Every few years, I’ve had to move to a different place. Each time, I’ve gone into the move thinking that it will be easy, believing the lie that I only have a few things to pack and that it’ll be a quick and painless day. I’m not one to buy things left and right; I’m not a hoarder; I’m not the owner of too many furniture pieces or kitchen appliances. Yet, each time I begin packing my things, I end up staring deep into the abyss of just how much I have and (more frustratingly) how much I need to haul to my next place. I don’t know how it happens, but it does. Every time, I think to myself, “I need less stuff.” You might be in the same position as I am. If you’re unsure, consider these questions:
What items do you use the most?
Are there things you own that you’ve never used in the last year? Never needed? Forgot that you even owned?
How would your life change if you didn’t own those things?
Chances are, you have more than you need, but is there really any benefit to changing any of that? It’s not something you have to do, but the following reasons for minimizing your amount of “stuff” might make downsizing something you want to do.
Less Stuff Means Less Mess
It’s obvious, but it’s worth highlighting. With fewer things, there’s less to worry about cleaning up. There’s less to put back in cupboards, less laundry to pack away into dressers, and on and on. If you find yourself dreading having to pick up after yourself, then solve that problem by owning fewer things that you have to pick up! For example, owning fewer coffee mugs (don’t we all somehow collect dozens?) can force you to do dishes sooner, meaning that you’ll have less of a pile in your sink.
Downsizing Can Be A Side-Hustle
Whether it’s getting rid of your extra clothes at a place like Rag-O-Rama, or pawning off that old couch on Craigslist, clearing out those barely used items stuffs your wallet. Often times, it turns out that the things we no longer use were never used. Selling something “like new” can be a way to make a good amount of your money back. We’re not saying that it will pay rent, but you can reward yourself for your hustle by subsidizing a nice meal with the money you’ve earned back. Try not to just by more stuff to clutter your apartment all over again.

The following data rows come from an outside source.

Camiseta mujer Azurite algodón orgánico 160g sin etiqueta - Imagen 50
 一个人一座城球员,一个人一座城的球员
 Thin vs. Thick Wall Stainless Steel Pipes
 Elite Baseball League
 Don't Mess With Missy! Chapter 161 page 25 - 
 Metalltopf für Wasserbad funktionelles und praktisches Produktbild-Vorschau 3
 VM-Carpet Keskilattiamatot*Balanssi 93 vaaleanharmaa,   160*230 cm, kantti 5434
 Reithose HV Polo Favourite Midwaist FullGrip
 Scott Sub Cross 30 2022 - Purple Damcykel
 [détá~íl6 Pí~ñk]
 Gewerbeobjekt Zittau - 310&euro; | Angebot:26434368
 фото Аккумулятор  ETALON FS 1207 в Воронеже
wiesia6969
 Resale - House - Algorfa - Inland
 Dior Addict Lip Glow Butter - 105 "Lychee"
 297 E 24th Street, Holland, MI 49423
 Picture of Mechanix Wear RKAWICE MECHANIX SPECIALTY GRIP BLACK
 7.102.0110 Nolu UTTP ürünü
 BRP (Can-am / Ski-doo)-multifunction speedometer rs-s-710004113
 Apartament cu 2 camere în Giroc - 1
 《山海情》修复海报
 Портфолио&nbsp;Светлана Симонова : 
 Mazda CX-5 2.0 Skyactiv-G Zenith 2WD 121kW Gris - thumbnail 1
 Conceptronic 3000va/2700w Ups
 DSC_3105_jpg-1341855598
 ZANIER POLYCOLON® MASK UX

Downsizing Is An Opportunity For Generosity
If you’re in a position where you don’t need extra cash, always remember that there are people needing help all around us. Donating old clothes, furniture, cookware, and more helps those who are less fortunate. If you find yourself overflowing with things, consider donating to Volunteers of America, Goodwill, or a family you know.
A Less Crowded Apartment Is Better For Your Health
In “The Powerful Psychology Behind Cleanliness,” Psychology Today looks at several studies showing the shocking correlations between a neat home and better mental health. One example comes from a 2011 study at Princeton University, where researches concluded that we’re less concentrated and motivated when our visual cortex is crowded by “task-irrelevant” items (AKA the extra stuff we have lying around). This explains why, once things are messy, it can be so hard to clean them back up! Additionally, the article follows other studies that link messiness to depression and increases in cortisol, our stress hormone.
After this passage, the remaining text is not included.